▶ What is needed: Every line from the top of the records below through the one containing "LEGO City 60434" must be copied exactly, and the pictures must not be.

▶ Record set:
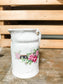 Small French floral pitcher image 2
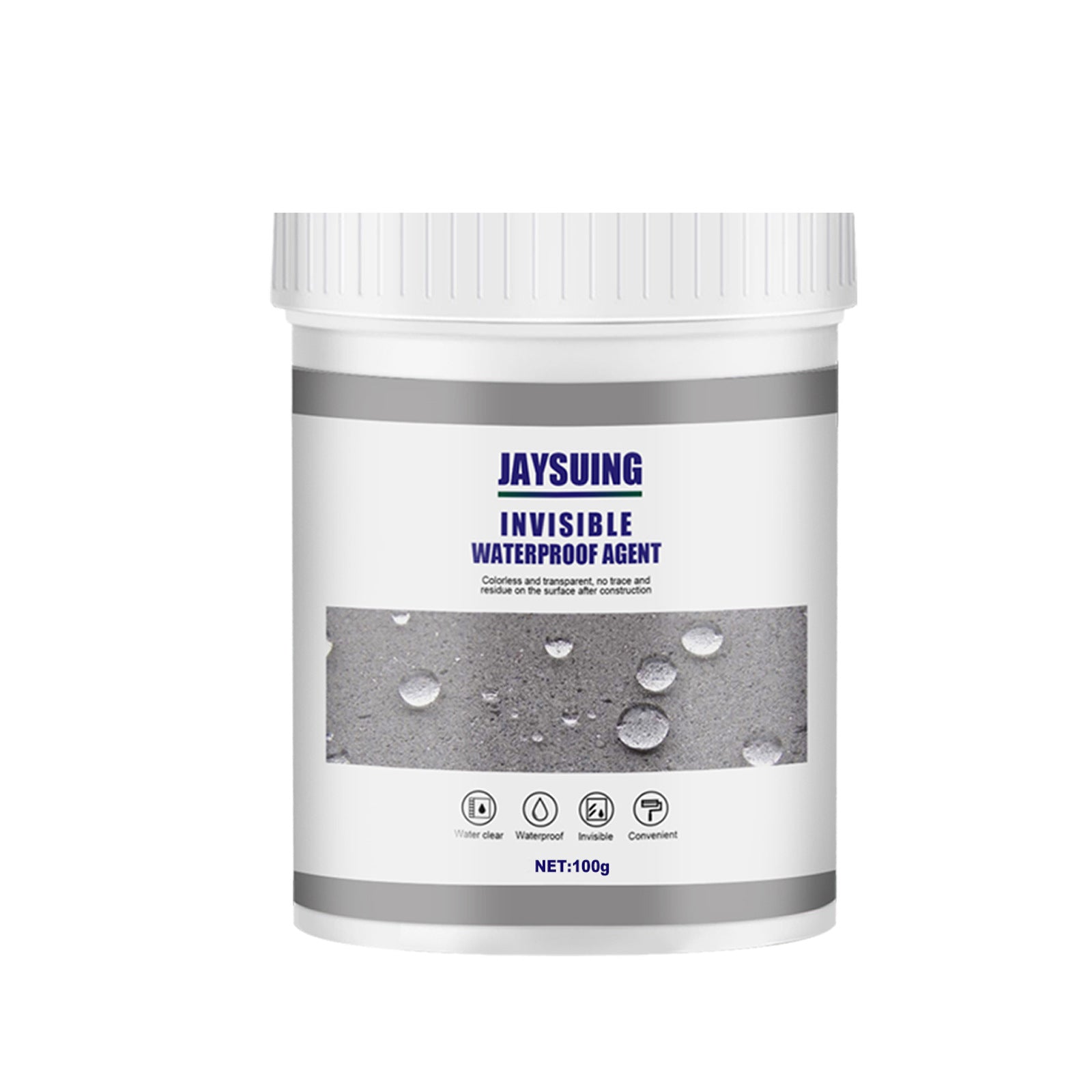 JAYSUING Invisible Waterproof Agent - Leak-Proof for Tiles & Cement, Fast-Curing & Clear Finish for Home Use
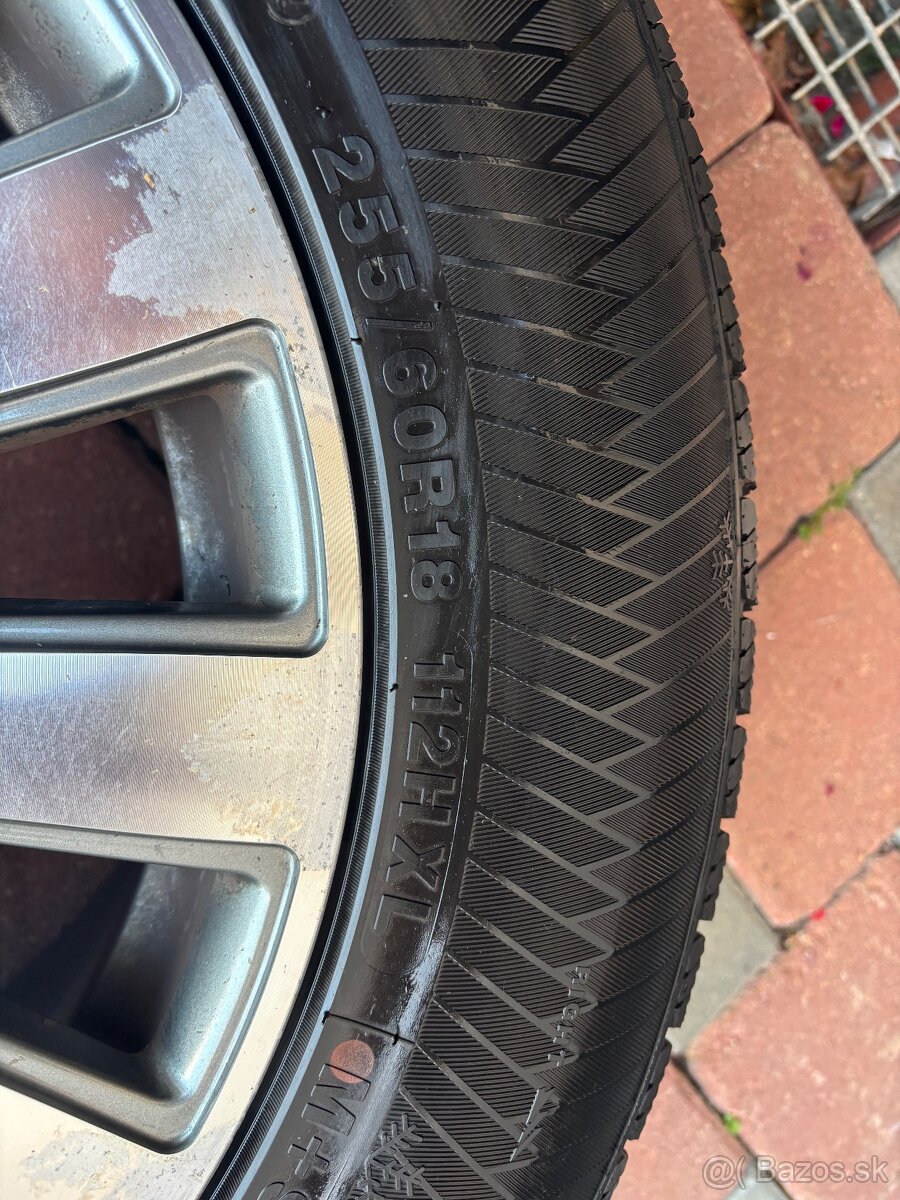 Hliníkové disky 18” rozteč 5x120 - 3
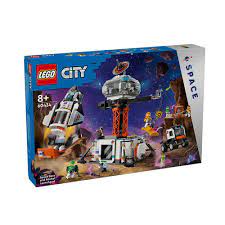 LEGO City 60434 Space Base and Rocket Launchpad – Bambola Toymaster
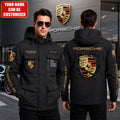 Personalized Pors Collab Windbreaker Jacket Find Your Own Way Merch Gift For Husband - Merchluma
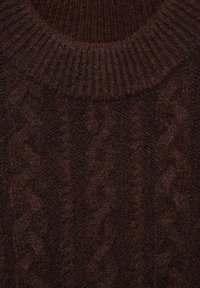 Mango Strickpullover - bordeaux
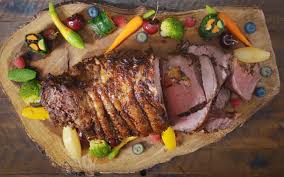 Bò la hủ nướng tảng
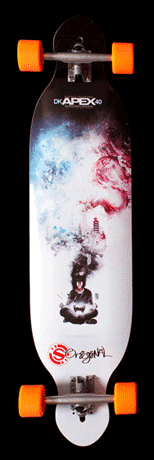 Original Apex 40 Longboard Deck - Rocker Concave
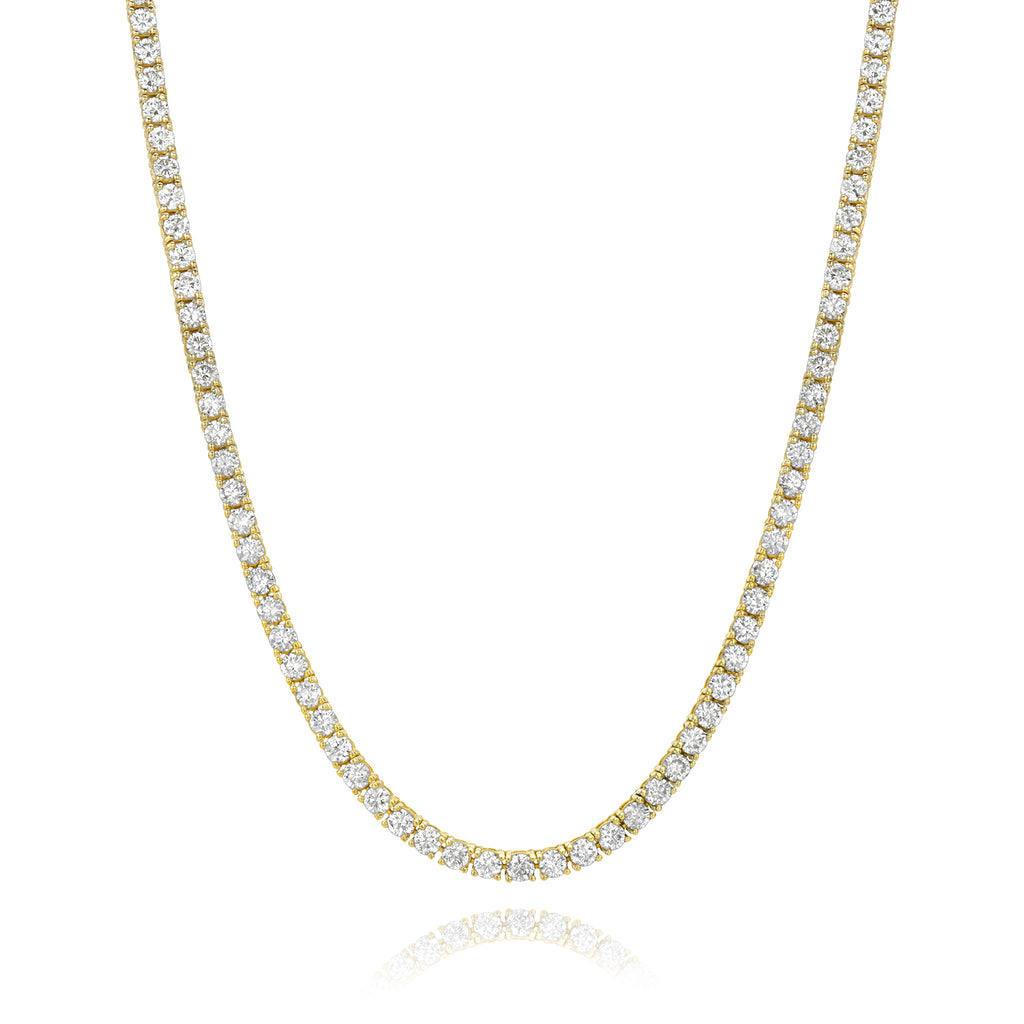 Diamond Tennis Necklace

▶ Task output:
 Small French floral pitcher image 2
 JAYSUING Invisible Waterproof Agent - Leak-Proof for Tiles & Cement, Fast-Curing & Clear Finish for Home Use
 Hliníkové disky 18” rozteč 5x120 - 3
 LEGO City 60434 Space Base and Rocket Launchpad – Bambola Toymaster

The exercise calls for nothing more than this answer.